Competition Law HotlineMay 13, 2011
Indian Merger Control Regulations Finally Notified!
The Competition Commission of India (“CCI”) on May 11, 2011 issued the Competition Commission of India (Procedure in regard to the transaction of business relating to combinations) Regulations, 2011 (“Combination Regulations”). These Combination Regulations will now govern the manner in which the CCI will regulate combinations which have caused or are likely to cause appreciable adverse effect on competition in India (“AAEC”). Prior to the issuance of the said Combination Regulations, the CCI has issued a draft form of the regulations on March 2, 2011 (“Draft Regulations”) which were the subject of much debate and discussion.

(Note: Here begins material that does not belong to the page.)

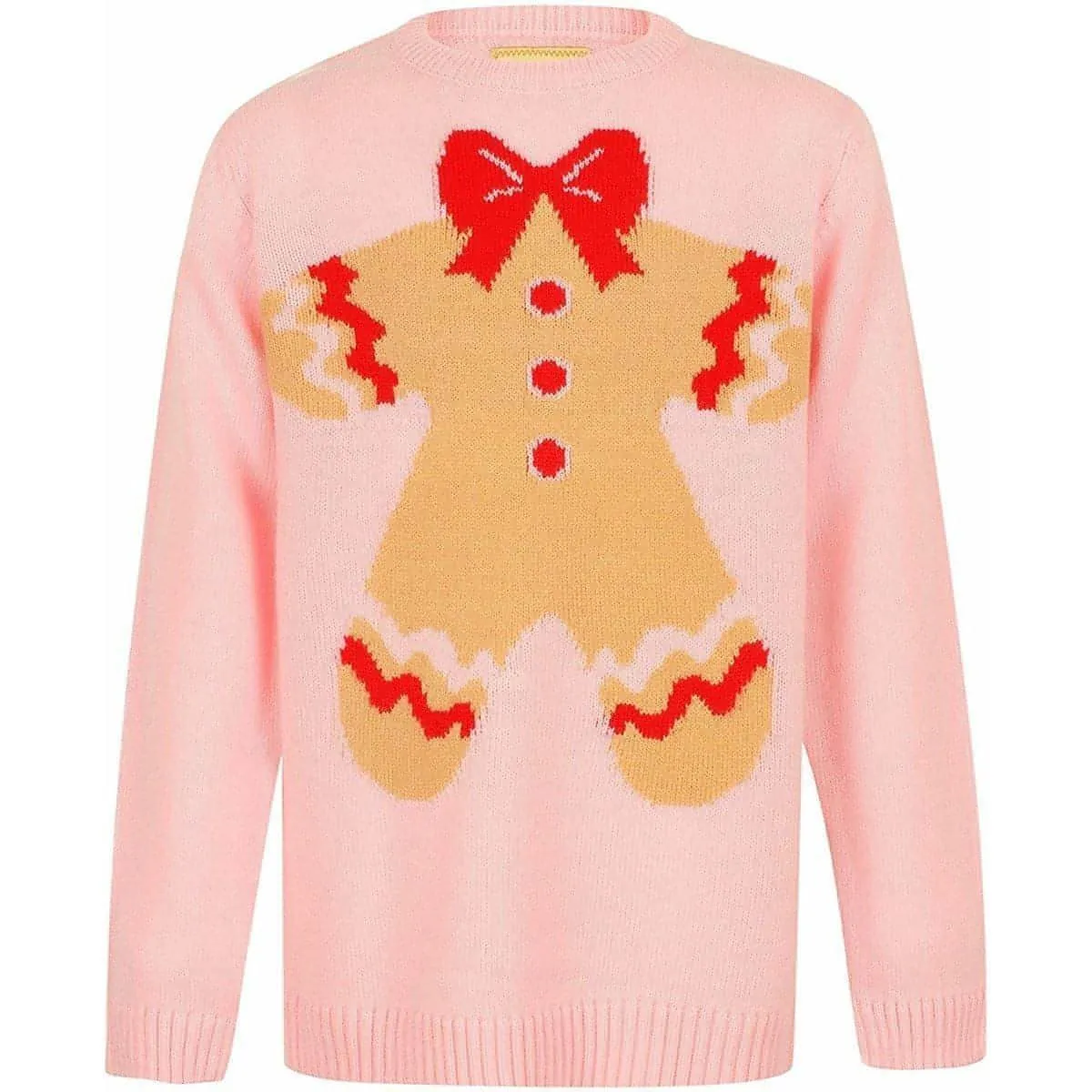 Christmas Gingerbread Novelty Junior Christmas Jumper - Pink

We, at Nishith Desai Associates, analyzed the provisions of these Draft Regulations in our hotline dated March 8, 2011 titled ‘Acquirers Beware: Indian Merger Control Regulations Notified!’
Having taken the views of representatives in varied fields including industry associations, legal luminaries and economists, amongst others, the draft regulations have been modified by the regulator to the present form. The Combination Regulations are to take effect from June 1, 2011 to supplement the notification of Sections 5 and 6 of the Competition Act, 2002 (“Competition Act”) relating to ‘combinations’. With the publication of these Combination Regulations, the CCI has been finally saddled with all the powers required to act as an economic regulator and exercise ‘merger-control’ over the Indian soils. The effects of the enactment of the Combination Regulations are vast since under Section 32 of the Competition Act, the CCI has been conferred with extra-territorial jurisdiction to fulfill its mandate of eliminating practices having AAEC. What this means is that every acquisition that involves the acquirer or the target, wherever incorporated having assets or a turnover in India may be subject to scrutiny by the CCI. In this hotline, we analyse the key provisions and implications of these Combination Regulations on the acquisition of shares, voting rights, control, assets and mergers involving India.PROCESS CHART:
Although Section 6 of the Competition Act prescribes the basic framework for notifying a combination to the regulator, the Combination Regulations elaborates the same. The flow chart below captures the procedure prescribed by the Combination Regulation in the event a combination requires the nod of the CCI.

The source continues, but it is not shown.